I always use pore filler on red oak prior to applying stain. If you are not
going to stain the oak, the pore filler is optional in my thinking.
Stain can suck up into the pores of red oak and bleed out causing freckling.
I personally do not like a surface finish on an open pored wood but, then
again, I don't like Latte either and prefer real coffee..
However, if you are contemplating a Watco oil finish it is a moot point You
don't fill the pores when using an oil finish. It kind of defeats the
purpose of using an oil, which is getting a warm soft luster and maintaining
the feel of the natural wood. Open pores and all.
Not important. Your surface will not be as smooth but it is not necessary.

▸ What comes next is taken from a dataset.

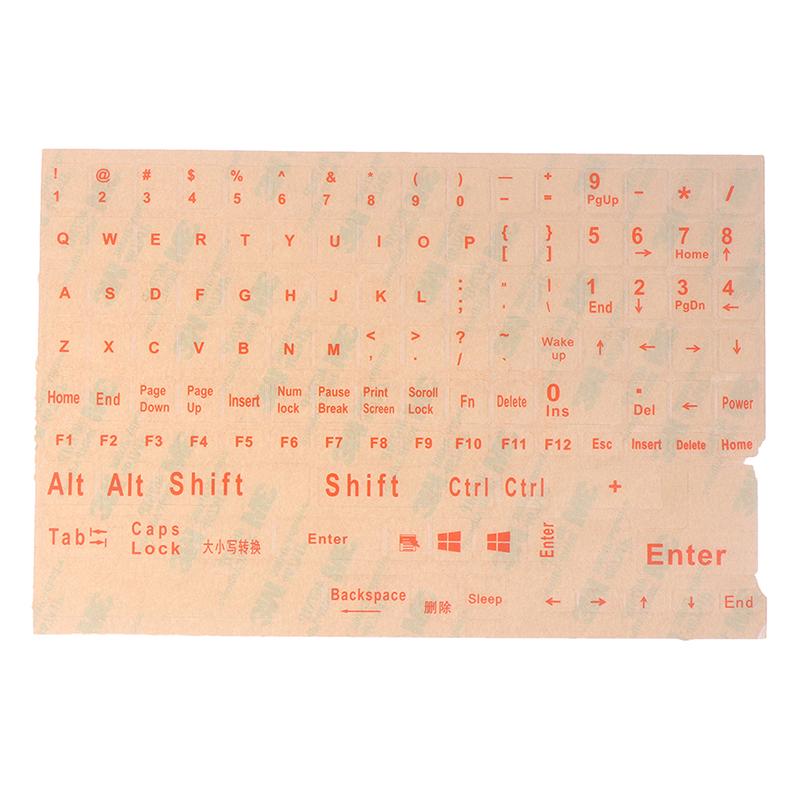 English 120 Keys Matte Standard Waterproof Keyboard Stickers Letter Alphabet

As mentioned by Lowell, some stains may wick back out of the pores if you
use stain. I have never had that problem with the thicker stains and or gel
There are many advocates for both filling and not filling and one of our
more contemporary finishing artists, Jeff Jewitt has a mission finish
article on his Homestead Finishing Products website. If you were to use
Quarter Sawn White oak on your mission projects as the originals are made
from, the grain is tight enough that you would usually not want to use any
filler. I have never used it and have been pleased with the various stains
top coats I have used on my mission projects.
Dennis Slabaugh, Hobbyist Woodworker
I'd try a board both ways and see what you like. A coat of pore filler
(I use pore-o-pac) doesn't leave the surface completely smooth, but it
helps quite a bit. I personally like to see the wood, but don't like the
uneven shine on the table top.
I've done a couple of pieces with pore filler on the top only and not
filling the sides looks fine. Unless it is a large area on the side, or
you are going for a super high gloss top, the difference isn't as
noticable on the vertical pieces, especially on the normally thing
vertical pieces on a mission piece.
disclaimer: I am refering to flatsawn red oak. quarter or riftsawn may
not need the pore filler for the look you are going for.
firstname.lastname@example.org (Scott) wrote in
In our family, red oak was the furniture style we gravitated to in the
70's. It survived raising 4 sons, with all of their friends, cousins,
sports teams and scouting units. We never wanted to worry that much about
the furniture to have 'fancy' stuff. Red oak was tough, and affordable.
Now I'm building new stuff, as I get the time and skills, and the
'experienced' furniture slowly migrates to the boys' homes. All in the
proper order of things.
One look that isn't necessarily authentic, but suits our family's tastes,
involves an oil finish to color and warm the red oak to the tone you want,
and then, after a suitable curing period, wiping on a number of coats of
dewaxed blond shellac. When the shellac is cured, I rub on a coat or two
of Briwax clear, or something similar, with white synthetic steel wool.
It doesn't have the durability of poly, or some of the tougher finishes,
but it still looks and feels like wood. More importantly, the methods suit
my limited, but growing skills. They also look good with red oak, which
isn't the easiest wood to finish well. And these methods don't shut down
my garage, er, 'studio' for long periods of time while curing.
I've done four or five small tables & desks this way, plus some
display/work furniture for my wife's quilting addiction, er, hobby.
Have fun with this table project. May many more follow.